(Short descriptive text snippets)
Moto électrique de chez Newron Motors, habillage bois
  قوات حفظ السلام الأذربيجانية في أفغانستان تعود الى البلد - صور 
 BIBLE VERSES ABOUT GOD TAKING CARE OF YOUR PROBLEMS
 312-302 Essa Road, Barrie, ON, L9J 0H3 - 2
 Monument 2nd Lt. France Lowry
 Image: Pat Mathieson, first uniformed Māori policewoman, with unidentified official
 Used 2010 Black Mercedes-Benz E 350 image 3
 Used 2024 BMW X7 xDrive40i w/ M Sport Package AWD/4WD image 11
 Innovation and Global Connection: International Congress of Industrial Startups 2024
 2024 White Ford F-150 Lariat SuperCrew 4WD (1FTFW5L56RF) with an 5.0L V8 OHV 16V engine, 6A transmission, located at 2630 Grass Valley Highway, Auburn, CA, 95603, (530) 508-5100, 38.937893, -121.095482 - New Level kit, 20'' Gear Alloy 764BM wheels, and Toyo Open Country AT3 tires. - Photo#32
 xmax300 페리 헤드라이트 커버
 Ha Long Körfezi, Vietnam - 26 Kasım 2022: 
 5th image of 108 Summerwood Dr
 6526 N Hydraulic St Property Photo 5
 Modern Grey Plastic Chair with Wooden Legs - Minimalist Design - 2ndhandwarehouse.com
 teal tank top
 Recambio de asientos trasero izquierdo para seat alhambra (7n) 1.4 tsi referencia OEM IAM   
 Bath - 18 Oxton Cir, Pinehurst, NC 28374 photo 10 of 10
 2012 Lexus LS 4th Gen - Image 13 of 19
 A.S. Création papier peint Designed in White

(TASK DETAILS) Looking at the records above, how many lines include "Used"? Please give the number and nothing more.

(TASK ANSWER) 2